* What this task involves
Using the listing that follows, return every line with the word "Blazer".

■ ■ ■ ■

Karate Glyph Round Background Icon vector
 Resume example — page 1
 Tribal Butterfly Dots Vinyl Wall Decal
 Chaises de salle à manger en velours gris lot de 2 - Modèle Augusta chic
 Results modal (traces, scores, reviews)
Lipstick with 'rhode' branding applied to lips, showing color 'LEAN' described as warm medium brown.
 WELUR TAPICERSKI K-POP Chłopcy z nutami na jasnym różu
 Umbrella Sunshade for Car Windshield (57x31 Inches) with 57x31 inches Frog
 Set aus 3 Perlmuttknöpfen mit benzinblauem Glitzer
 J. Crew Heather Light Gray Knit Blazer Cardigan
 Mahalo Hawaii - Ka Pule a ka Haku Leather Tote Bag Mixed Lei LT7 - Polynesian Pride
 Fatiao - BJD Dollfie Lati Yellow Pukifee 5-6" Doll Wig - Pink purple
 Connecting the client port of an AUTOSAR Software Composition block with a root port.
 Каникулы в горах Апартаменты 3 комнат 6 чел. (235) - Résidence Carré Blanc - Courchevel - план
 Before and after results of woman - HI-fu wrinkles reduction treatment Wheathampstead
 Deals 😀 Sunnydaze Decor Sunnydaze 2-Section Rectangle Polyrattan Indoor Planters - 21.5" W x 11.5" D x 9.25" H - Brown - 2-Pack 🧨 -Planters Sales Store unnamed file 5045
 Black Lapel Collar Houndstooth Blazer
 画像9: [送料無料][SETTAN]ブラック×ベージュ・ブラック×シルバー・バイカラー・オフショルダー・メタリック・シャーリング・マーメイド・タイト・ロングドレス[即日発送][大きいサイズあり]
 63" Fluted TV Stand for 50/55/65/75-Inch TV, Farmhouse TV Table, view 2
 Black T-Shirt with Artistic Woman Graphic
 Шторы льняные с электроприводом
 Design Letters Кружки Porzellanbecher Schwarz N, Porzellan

■ ■ ■ ■

* Expected answer
 J. Crew Heather Light Gray Knit Blazer Cardigan
 Black Lapel Collar Houndstooth Blazer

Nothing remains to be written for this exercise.